With the latest improvements in surgical procedures, the recovery time is immediate. There is no bed rest or hospitalization required after the hair transplant and the patient can immediately get back to home after the OPD procedure. He can even get back to office from Day 2 after surgery (provided the hair transplant is done by a qualified and skilled / experienced surgeon). Also the procedure is made almost painless by these experienced surgeons whereas it used to be associated with lots of pain in earlier days.

The procedure

At an initial consultation, the surgeon analyzes the patient's scalp, discusses his preferences and expectations, and advises him/her on the best approach (e.g. single vs. multiple sessions) and what results might reasonably be expected.

For several days prior to surgery the patient refrains from using any medicines, or alcohol, which might result in intraoperative bleeding and resultant poor "take" of the grafts. Pre-operative antibiotics are commonly prescribed to prevent wound or graft infections.

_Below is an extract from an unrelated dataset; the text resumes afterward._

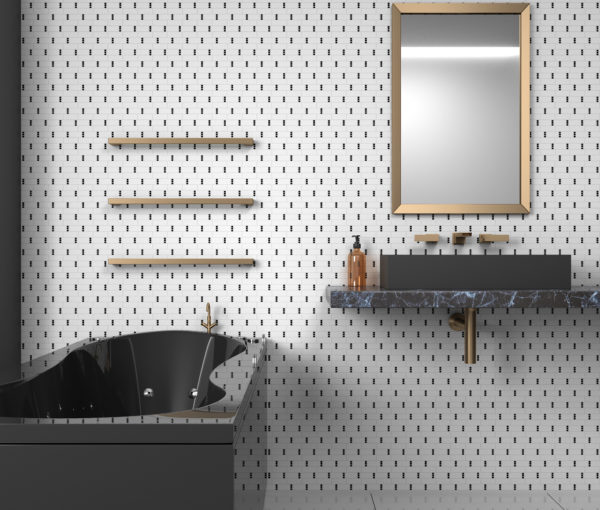 Sable Black Dominos Tile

In recent years hair transplants have become less expensive.

Surgery

Transplant operations are performed on an outpatient basis, with mild sedation (optional) and injected topical anesthesia, and typically last about four hours. The scalp is shampooed and then treated with an antibacterial chemical prior to the donor scalp being harvested.

In the usual follicular unit procedure, the surgeon harvests a strip of skin from the posterior scalp, in an area of good hair growth. The excised strip is about 1–1.5 x 15–30 cm in size. While closing the resulting wound, assistants begin to dissect individual follicular unit grafts from the strip. Working with binocular Stereo-microscopes, they carefully remove excess fibrous and fatty tissue while trying to avoid damage to the follicular cells that will be used for grafting. The latest method of closure is called 'Trichophytic closure' which results in much finer scars at the donor area.

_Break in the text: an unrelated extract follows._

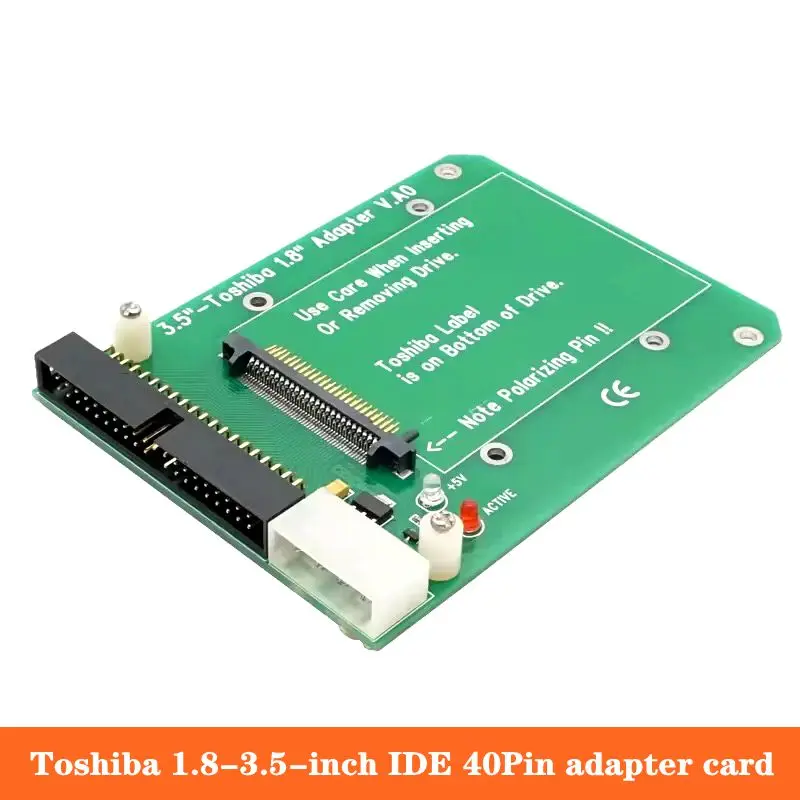 1.8-3.5 IDE Toshiba 1.8-Inch CF Hard Drive To Desktop 3.5-Inch 40Pin IDE Interface Adapter Card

FUE harvesting negates the need for large areas of scalp tissue to be harvested and can give very natural results with the right experienced surgeon.

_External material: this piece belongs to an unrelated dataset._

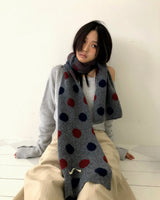 Chiin Contrast Dot Muffler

The surgeon then uses very small micro blades or fine needles to puncture the sites for receiving the grafts, placing them in a predetermined density and pattern, and angling the wounds in a consistent fashion to promote a realistic hair pattern. The assistants generally do the final part of the procedure, inserting the individual grafts in place.

Post-operative care

Advances in wound care allow for semi-permeable dressings, which allow seepage of blood and tissue fluid, to be applied and changed at least daily. The vulnerable recipient area must be shielded from the sun, and shampooing is started two days after the surgery. Some surgeons will have the patient shampoo the day after surgery. Shampooing is important to prevent scabs from occurring around the hair shaft. Scabs adhere to the hair shaft and increase the risk of losing newly transplanted hair follicles during the first 7 to 10 days post-op.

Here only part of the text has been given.